In this sense, the ultimate purpose of inquiry would be to fix opinions after giving due weight to experience and reality. However, if attention is paid to the fact that explanations of experience can never be completely accurate but only approximative, here we find the explanation why the methodological aspect of synechism came to give support to Peirce´s logic of vagueness. Moreover, according to Peirce´s evolutionism tout court of which synechism is a corolary, the external world and our knowledge of it is continuosly evolving. However, to pursue a pragmatic purpose, experience is necessary. Without it there would be no way of introducing new ideas into our thoughts. Under the impact of experience and as a result of self correction which is proper of the inductive method, there will always be a tendency toward the uniformity of opinions, so that they can be incorporated into a higher order of generality and continuity. However, there is an element of objective chance in the universe which is responsible for fortuitous variations. Hence, ther can be no definitive answers to our questions. Moreover, the propensity of all living and even non-living things to acquire habits is not a law among others but it is the law that governs laws.
General laws are responsible for the regularity and inteligibility of things. That is why they are the most completely real phenomena in the universe. This explains why action, and, even less, individual actions cannot be the summum bonum of human species.
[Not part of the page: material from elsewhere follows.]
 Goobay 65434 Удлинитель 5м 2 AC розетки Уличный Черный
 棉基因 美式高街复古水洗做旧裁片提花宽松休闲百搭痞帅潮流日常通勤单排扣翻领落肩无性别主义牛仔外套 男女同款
As evolution grows, human intelligence should perform a more intense role toward the development of the pragmatic end, namely, the growth of concrete reasonableness, through human mind´s most peculiar characteristic, that is, self-control. At the beginning, human mind was born as a fruit of this evolution, but, once it was born, it acquired the increasing power to influence the course of evolution through a deliberate conduct that listens to the voice of nature. Even if the perversity of whole generations of human beings choose opposite ways, in the long run, human beings will be forced by experience to recognize nature and our own nature as growing in reasonableness. For Peirce, inquiry is worthwhile because it is a privileged way of developing an open and neverending conversation with nature. This conversation begins in abduction. However, given the lack of space, the especial subject of this conversation will be left for another occasion.